> [Action item] An exact copy of the listing is required, with its pictures removed.

> [Provided data]
···

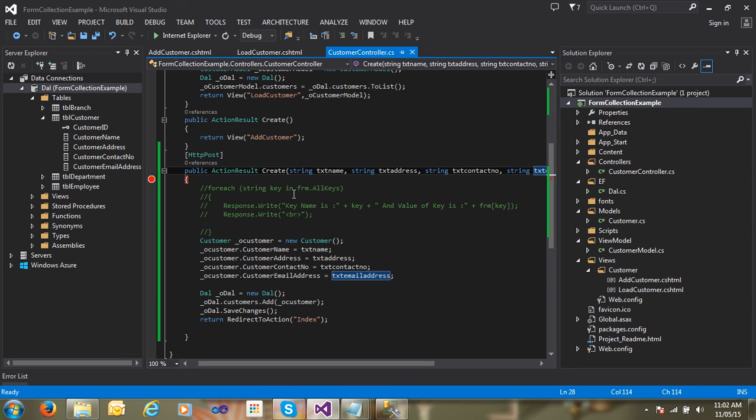I hope you are enjoying this video and I hope you understand how to use model binding in ASP.NET MVC. Thank you very much for watching this video.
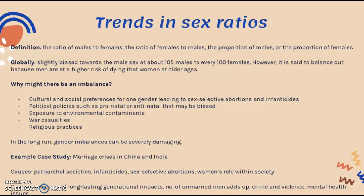Why might there be an imbalance in the first place, and why might it occur in certain countries rather than others? This can be due to cultural and social preferences for one gender, usually men, leading to sex-selective abortions and infanticides; political policies such as pronatal and antinatal policies that may be biased towards one gender; exposure to environmental contaminants; war casualties; and religious practices. In the long run, if a large imbalance persists, it can have severely damaging impacts on society.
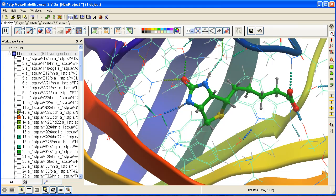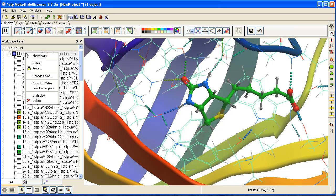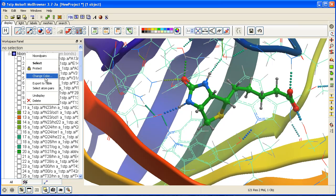You can also select atom pairs, export the list of hydrogen bond interactions to a table, and change colors of the hydrogen bond representation.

···

> [Written response]
I hope you are enjoying this video and I hope you understand how to use model binding in ASP.NET MVC. Thank you very much for watching this video.
Why might there be an imbalance in the first place, and why might it occur in certain countries rather than others? This can be due to cultural and social preferences for one gender, usually men, leading to sex-selective abortions and infanticides; political policies such as pronatal and antinatal policies that may be biased towards one gender; exposure to environmental contaminants; war casualties; and religious practices. In the long run, if a large imbalance persists, it can have severely damaging impacts on society.
You can also select atom pairs, export the list of hydrogen bond interactions to a table, and change colors of the hydrogen bond representation.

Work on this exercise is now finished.